Di kalangan warga Tionghoa, pemilihan jenis makanan, disesuaikan dengan suasana hati. Misal, fu mak cah. Fu itu pahit, mak berarti kelembutan. Fu mak cah, dimakan pada saat sedang menghayati kepahitan hidup. Menanam pare di pekarangan rumah pun tidak disarankan. Maksudnya agar hidup tidak pahit terus menerus.
Jika sedang berpindah rumah, jangan membawa roti Khong Guan. Lebih baik kue mangkok. Karena berpenampilan mekar, maka harapannya rezeki juga akan bermekaran.
Hidangan ketika perhelatan pernikahan juga begitu. Menghidangkan menu bakso, berharap sangat janji berdua terus membulat, hingga mengantarkan hidup rukun hingga ke akhirat.
Jika menjenguk orang sakit, jangan membawa buah semangka atau si kua.
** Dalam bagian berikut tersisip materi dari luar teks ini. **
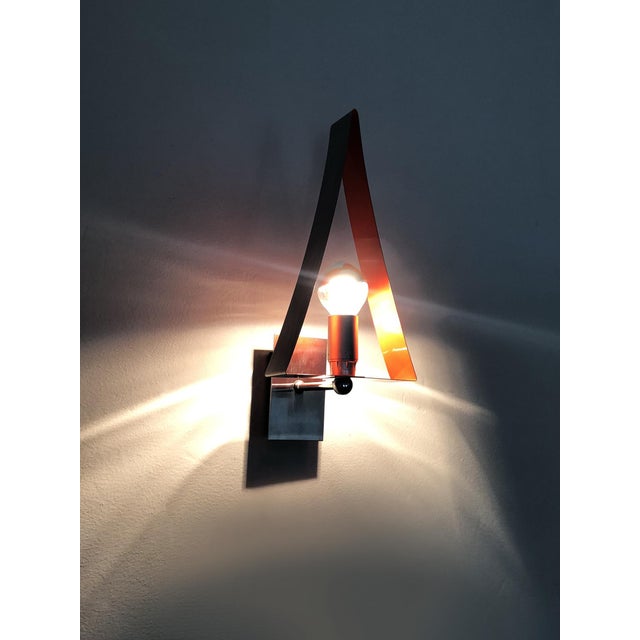 Pair of triangular wall sconces in chrome and orange metal. 1970s Pair of triangular wall sconces in chrome-plated metal...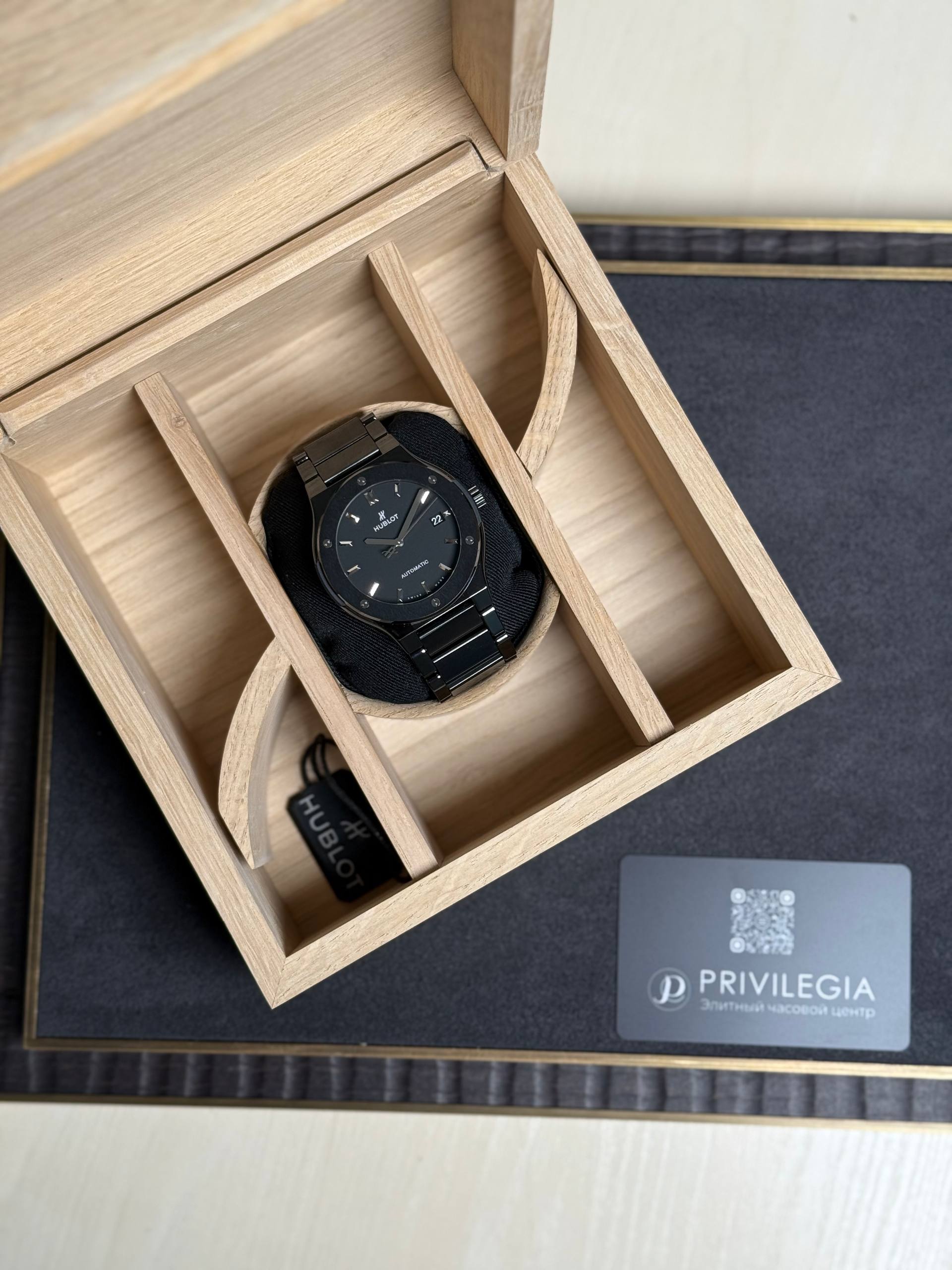 Black Hublot wristwatch resting on a black cushion inside a light wooden display box with compartments.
Si, selain angka empat, sekaligus juga berarti mati.
Falsafah Jawa tentang makanan juga ada. Urap sayur kacang panjang, tidak dipotong, tapi dibiarkan tetap panjang mlolor, agar umur dan kemakmuran panjang pula. Nasi sebagai lambang, ada yang boleh atau tidak boleh diliwet, nasi kuning, nasi tumpeng, dan lain-lain.
Pernah dengar Nasi Berkat ? Ini varian nasi yang dibagikan ke tetangga dan handai taulan. Lauknya : terik daging, mi goreng Jawa, serta sayuran atau janganan.
Tradisi berkat, berharap agar mendapatkan karunia atau rahmat Tuhan, hingga mendatangkan kebaikan bagi kehidupan manusia.
Harapan batiniah acap dilambangkan sesuai dengan budaya yang berlain-lainan. Contohnya ya berkatan itu, yang sejatinya wujud harapan yang dilambangkan. "Gratia gratiam parit". Berkah akan melahirkan berkah pula.